Me gustaría ocuparme, en primer lugar, de las especificidades del caso chileno, que destaca muy bien el libro de Guajardo, y sus contrastes más visibles con el de México, que me resulta más familiar. Permítaseme enumerar las que me parecen más relevantes. La primera de ellas tiene que ver con el grado en que la tecnología ferroviaria era necesaria, ya no digamos indispensable, para la economía chilena. Se trata de un país cuya configuración territorial y trayectoria histórica hicieron posible la combinación del transporte carretero mediante mulas y carretas con el transporte marítimo, ya fuera de cabotaje o internacional. Ambos se desarrollaron con amplitud antes del inicio de la expansión ferroviaria. En el norte, de especialización minera y más tarde salitrera, los ferrocarriles simplemente sustituirían un sistema ya establecido; en el sur, abundante en recursos forestales pero escasamente poblado, se adelantaría a la demanda. Incluso en el centro del territorio, donde existía una poderosa clase terrateniente y una actividad agrícola bien asentada, no se consideraba que el ferrocarril fuera indispensable. Un columnista de Santiago opinaba: "mejor es marchar a razón de diez millas por hora, que precipitarse por una pendiente ruinosa a razón de veinte" (p. 60). Al menos en términos de la geografía y de la oferta de medios de transporte no ferroviarios, esta situación contrasta fuertemente con la de México, país carente casi por completo de ríos navegables y cortado de norte a sur en tres grandes franjas por inmensas cadenas montañosas que encarecían y dificultaban el transporte terrestre. Igualmente, en contraste con la experiencia chilena, en México, pese a la extensión de sus costas, el tráfico de cabotaje apenas y se desarrolló, siempre en una escala muy pequeña, entre otras cosas debido a la insalubridad de las zonas costeras y a la concentración demográfica en las áreas del interior.
La segunda especificidad del caso chileno es que, pese a no existir una necesidad ingente de ella, la tecnología ferroviaria se introdujo en un momento relativamente temprano, a partir de 1850. Este timing hizo posible una implantación más pausada del ferrocarril y, lo que es más importante, un ciclo vital considerablemente largo para este modo de transporte. Para ofrecer un parámetro de comparación, mientras que en México la centralidad de los ferrocarriles se redujo al breve lapso de 25 años (desde que se concluyeron algunas de las principales líneas troncales en 1884 hasta la propagación del movimiento revolucionario a partir de 1911, después de lo cual los ferrocarriles nunca recobraron su importancia original), en Chile aquella alcanzó, al menos, 70 años, desde el primer impulso de construcción en los años de 1850 y 1860 hasta la aparición de medios rivales (el transporte automotor) a fines de los años de 1920.

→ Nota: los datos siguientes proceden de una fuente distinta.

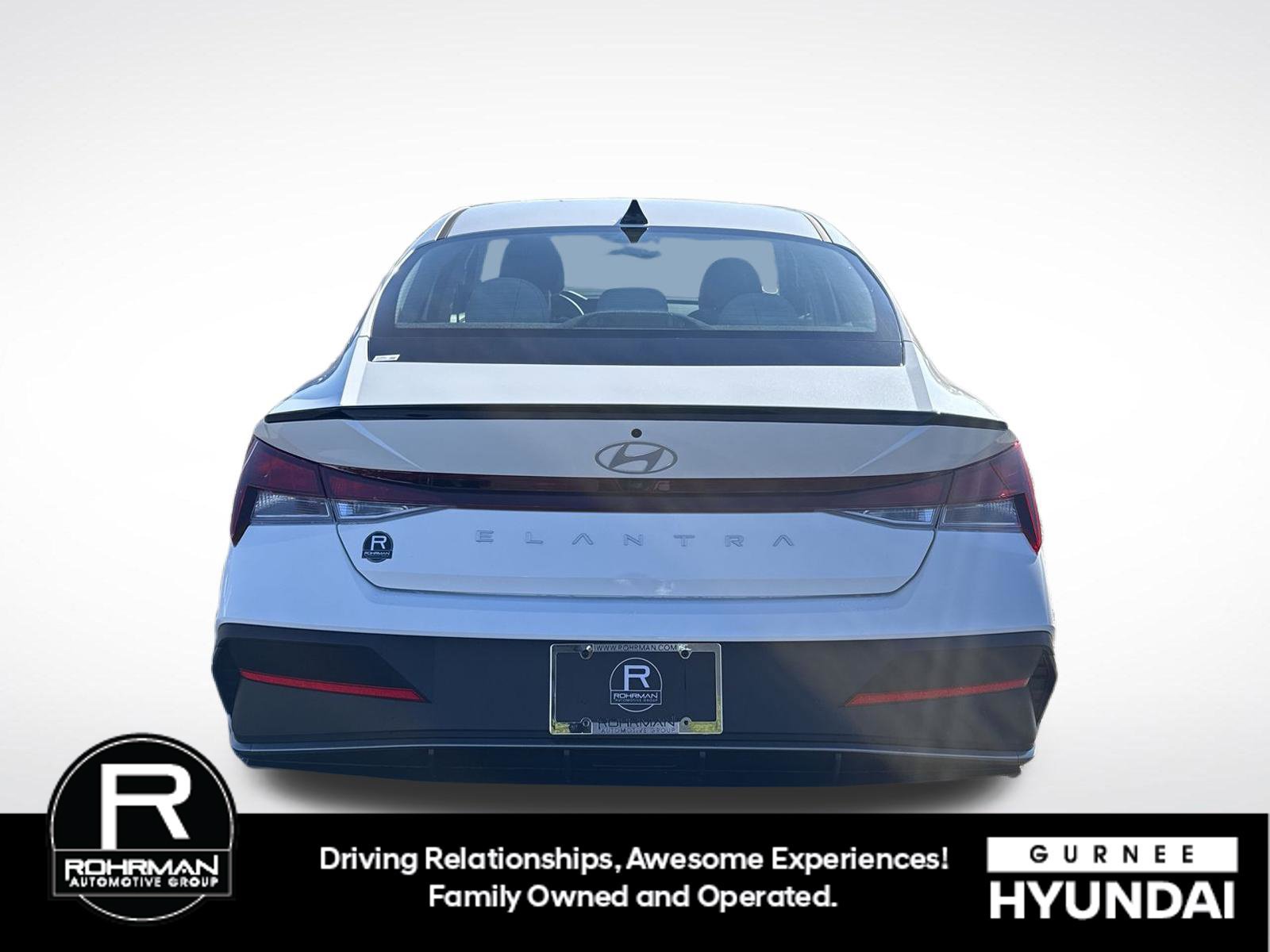 New 2026 Hyundai Elantra SEL Sport FWD image 7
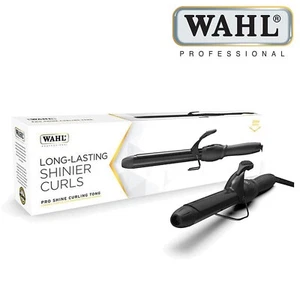 Wahl Pro Shine 25mm Hair Styling Curling Tong with Extra-Long Barrel - Picture 1 of 5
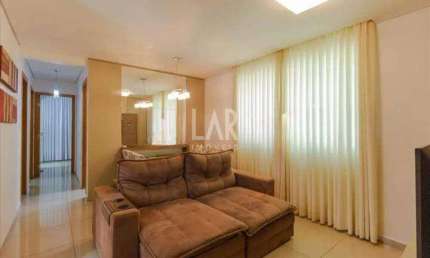 Apartamento à venda, 3 quartos, 1 suíte, 2 vagas, Cidade Nova - Belo Horizonte/MG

Una de las principales aportaciones de este trabajo es la tipología que muestra las distintas fases de expansión ferroviaria ligadas a diversas modalidades empresariales y a zonas específicas del territorio chileno. Permítaseme resumirla en sus principales rasgos.
a) Las primeras líneas se tendieron en la zona minera del norte y en el centro del país. Las del norte eran originalmente de capital privado, pero hacia finales del siglo fueron adquiridas por el Estado, mientras que las del centro contaron desde el inicio con la participación accionaria del Estado.
b) El segundo oleaje se produjo en el centro, para complementar las líneas anteriores, y hacia el sur, en un claro impulso desarrollista que se revela en la participación directa del Estado en la propiedad de las líneas. A partir de entonces se constituyó una esfera pública del sector ferroviario que cobró forma en la Empresa de los Ferrocarriles Estatales.
c) Una tercera modalidad fue la propiedad privada, que en un par de casos se acompañó de una garantía de rentabilidad por parte del Estado y, en otros, particularmente en la región salitrera del extremo norte, sin contribución pública alguna antes de 1908. En ese año el Estado inició la construcción, con sus propios medios, del Ferrocarril Longitudinal, que uniendo trazos fragmentarios terminaría por extenderse desde una población cercana a Valparaíso hasta poblados vecinos a la frontera con Perú.
Lo que más llama la atención de esta breve tipología es la conspicua presencia del Estado, ya como accionista o como adquiriente de líneas ya construidas, ya como propietario o como promotor. La única excepción relevante fueron los pequeños tramos que ligaban a los campos de salitre con los puertos en el extremo norte del país, que permanecieron en manos privadas en algunos casos hasta mediados del siglo XX. El otro rasgo notable es que en las líneas privadas hubo una importante participación de capitalistas nacionales, todo lo cual relegó la inversión extranjera a un lugar completamente secundario, en fuerte contraste con casi todos los países latinoamericanos.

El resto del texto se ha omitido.